Dalam UU tersebut, secara jelas telah diatur bahwa setiap transaksi pembayaran yang dilakukan di wilayah Negara Kesatuan Republik Indonesia wajib menggunakan mata uang rupiah. Sehingga kalau mengacu pada ketentuan ini, mata uang dari negara lain, lebih-lebih mata uang virtual, tidak boleh digunakan sebagai alat pembayaran. Bahkan ada ancaman hukuman pidana jika ada pihak-pihak yang nekat menerima pembayaran dengan menggunakan mata uang selain rupiah, termasuk dalam hal ini mata uang virtual.
Pelarangan penggunaan mata uang virtual di Indonesia sebenarnya sudah ditetapkan sejak 2016 lalu, setelah Bank Indonesia menerbitkan peraturan nomor 18/40/2016 tentang Penyelenggaraan Pemrosesan Transaksi Pembayaran. Dalam peraturan tersebut, setiap penyelenggara jasa sistem pembayaran (bank dan perseroan terbatas yang melakukan kegiatan usaha di bidang teknologi informasi dan/atau sistem pembayaran) dilarang melakukan pemrosesan transaksi pembayaran dengan menggunakan mata uang virtual.
Pelarangan penggunaan mata uang virtual dalam setiap transaksi pembayaran tidak hanya dilakukan oleh pemerintah Indonesia saja. Otoritas Cina misalnya, juga telah melarang penggunaan transaksi pembayaran dengan menggunakan uang virtual.Â
Bank sentral Malaysia, Vietnam, Rusia, Taiwan, Korea Selatan, Singapura, dan Israel pun demikian, melarang penggunaan mata uang virtual karena ada banyak potensi kerugian yang bisa ditimbulkan. Mulai dari tindak pidana pencucian uang, pendanaan ilegal, penyelundupan narkoba lintas negara, dan dapat menimbulkan ketidakstabilan industri keuangan suatu negara.

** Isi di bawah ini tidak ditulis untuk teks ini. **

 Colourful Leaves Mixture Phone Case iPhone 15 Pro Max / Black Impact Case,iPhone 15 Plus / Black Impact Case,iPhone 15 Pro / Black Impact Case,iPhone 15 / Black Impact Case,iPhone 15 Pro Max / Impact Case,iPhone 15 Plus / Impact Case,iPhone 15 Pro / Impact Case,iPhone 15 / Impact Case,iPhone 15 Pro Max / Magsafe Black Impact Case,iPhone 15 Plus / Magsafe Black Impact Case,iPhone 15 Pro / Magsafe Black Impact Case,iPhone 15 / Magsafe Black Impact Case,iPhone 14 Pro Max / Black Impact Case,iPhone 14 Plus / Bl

Di samping itu, penggunaan mata uang virtual, khususnya di Indonesia, secara politik juga dapat merongrong kedaulatan mata uang rupiah di negaranya sendiri. Mengingat mata uang rupiah juga merupakan simbol kedaulatan negara. Sekarang saja nilai tukar rupiah terhadap dolar Amerika masih sangat lemah, karena masih banyaknya pihak-pihak yang melakukan pembayaran dengan menggunakan mata uang dolar AS, apalagi kalau ditambah dengan adanya mata uang virtual, bisa semakin anjlok harganya.
Di samping alasan hukum, potensi kerugian, dan kedaulatan mata uang rupiah, perilaku penggunaan mata uang virtual ini cenderung spekulatif, karena kemudian banyak pihak-pihak yang menjadikannya sebagai instrumen investasi. Siapa yang mampu membeli banyak, maka dialah yang kemudian "berhak" menentukan harganya.
Selain itu, penggunaan mata uang virtual ini juga sangat berisiko karena tidak ada otoritas yang mengawasi dan mengaturnya. Nilainya hanya didasarkan pada permintaan pembelian terhadap mata uang tersebut, sehingga semakin banyak yang membeli maka nilainya akan semakin naik dan bahkan bisa digelembungkan sesuai dengan keinginan investornya.Â
Ini terlihat dari turunnya nilai mata uang virtual Bitcoin secara drastis belum lama ini menyusul kebijakan pelarangan mata uang virtual di Cina. Berkurangnya pembeli di Asia, membuat Bitcoin yang mulanya bernilai hingga Rp200 juta lebih, menjadi anjlok di angka Rp150-an juta. Dengan demikian, maka tepatlah jika mata uang virtual ini dilarang di Indonesia.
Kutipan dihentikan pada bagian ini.